Oggi facciamo piuttosto fatica a restare dentro alle situazioni, ai rapporti, alle fatiche e alle gioie: preferiamo prenderle o lasciarle quando ci pare, fare le cose se “ci sentiamo di farle”; soprattutto fatichiamo a sostenere i tempi lunghi, preferendo fare zapping nei rapporti, nelle situazioni. Temiamo i conflitti, poi, e piuttosto che affrontarli spesso li evitiamo o li viviamo in modo violento, sminuendo le nostre capacità e quelle degli altri. Capita nelle amicizie, nei rapporti di lavoro, in famiglia, in parrocchia, nello sport… Questo nostro “andare via”, questo sfuggire alla vita reale a volte è il segno di poca robustezza interiore, di poca fortezza, che è il dono dello Spirito Santo, quel dono capace di farci sostenere l’impegno, anche quando non ci sentiamo gratificati.
Ma di cosa abbiamo bisogno per essere persone capaci di stare dentro alla vita, dentro alla realtà anche quando costa?

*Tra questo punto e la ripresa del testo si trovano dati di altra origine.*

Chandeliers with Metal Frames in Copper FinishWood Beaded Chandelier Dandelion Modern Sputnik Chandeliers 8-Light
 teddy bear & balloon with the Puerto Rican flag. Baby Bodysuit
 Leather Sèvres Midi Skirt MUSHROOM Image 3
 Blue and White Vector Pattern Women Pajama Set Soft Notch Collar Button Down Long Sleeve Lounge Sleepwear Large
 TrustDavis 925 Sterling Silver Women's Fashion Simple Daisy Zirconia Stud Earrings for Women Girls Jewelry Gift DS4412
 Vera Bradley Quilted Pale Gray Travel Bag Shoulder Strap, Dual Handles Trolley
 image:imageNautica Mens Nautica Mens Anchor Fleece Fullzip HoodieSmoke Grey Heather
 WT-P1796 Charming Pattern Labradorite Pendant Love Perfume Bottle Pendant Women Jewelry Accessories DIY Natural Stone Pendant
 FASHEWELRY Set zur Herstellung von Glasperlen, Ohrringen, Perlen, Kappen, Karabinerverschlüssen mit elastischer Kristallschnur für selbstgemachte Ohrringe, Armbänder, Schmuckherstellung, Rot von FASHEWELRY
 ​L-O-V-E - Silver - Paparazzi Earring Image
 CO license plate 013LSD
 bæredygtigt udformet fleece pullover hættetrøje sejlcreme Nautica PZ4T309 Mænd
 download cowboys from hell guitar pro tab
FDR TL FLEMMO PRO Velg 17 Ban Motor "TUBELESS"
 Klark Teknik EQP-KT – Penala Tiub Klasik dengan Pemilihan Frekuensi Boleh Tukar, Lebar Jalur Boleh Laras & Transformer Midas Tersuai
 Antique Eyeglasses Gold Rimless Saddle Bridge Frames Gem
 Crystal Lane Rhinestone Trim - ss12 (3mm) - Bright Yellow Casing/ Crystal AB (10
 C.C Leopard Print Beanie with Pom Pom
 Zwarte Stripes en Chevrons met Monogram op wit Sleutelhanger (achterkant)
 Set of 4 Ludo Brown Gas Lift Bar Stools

Anzitutto c’è bisogno di una grande fiducia in se stessi e negli altri, una fiducia che ci aiuti a non svalutare noi stessi e le altre persone. L’esperienza del limite non è sinonimo di brutto e invivibile, di inutile, bensì di occasione per riconoscere che non siamo perfetti e per conoscere e tirare fuori le nostre risorse. Quando sperimentiamo le incomprensioni con gli altri e il conflitto, la prima conclusione da tirare non è decidere chi ha ragione o torto, bensì credere in se stessi e nell’altro e cercare insieme ostinatamente la verità. Quando le cose che stiamo facendo non ci piacciono eppure sappiamo che sono il bene, la prima cosa da fare non è andare via, bensì cercare le motivazioni per restare e poi scegliere di rimanerci dentro, certi che ne vale la pena.
La forza per rimanere dentro alla realtà ha tuttavia anche radici ben più profonde, radici che fanno salire la propria linfa e donano energia e forza. La linfa vitale viene dal Signore, da colui che per primo è rimasto dentro alla vita anche se rifiutato, anche in pericolo, anche se in croce: il suo amore è il motivo e la forza che fa restare dentro alla vita. La forza di rimanere anche quando costa, nasce in noi se prendiamo coscienza di essere tralci uniti alla vite, a lui, se scegliamo di restare uniti a Gesù. È del riferimento a Gesù, di un forte legame con lui che abbiamo bisogno per rimanere fedeli alle nostre responsabilità, ai nostri impegni, alle nostre relazioni, alla nostra vocazione, alla nostra fede, alla nostra comunità. Solo se rimaniamo in Gesù, se viviamo il rapporto vitale nato con lui nel giorno del Battesimo, noi troviamo i motivi e la forza per affrontare i cambiamenti, le incomprensioni, gli imprevisti, i limiti, la fatica e la sofferenza: il nostro vivere allora avrà un senso, sarà appassionato, porterà frutto.
All’inizio della primavera sui tralci potati affiora una goccia di linfa che luccica sulla punta del ramo. Quella goccia parla anche di noi e di Dio, del suo amore che sperimentiamo nella preghiera, nei Sacramenti, nell’ascolto della Parola: è di questo amore che abbiamo bisogno, anzitutto, se vogliamo restare dentro alla vita, anche quando costa, così da portare frutto.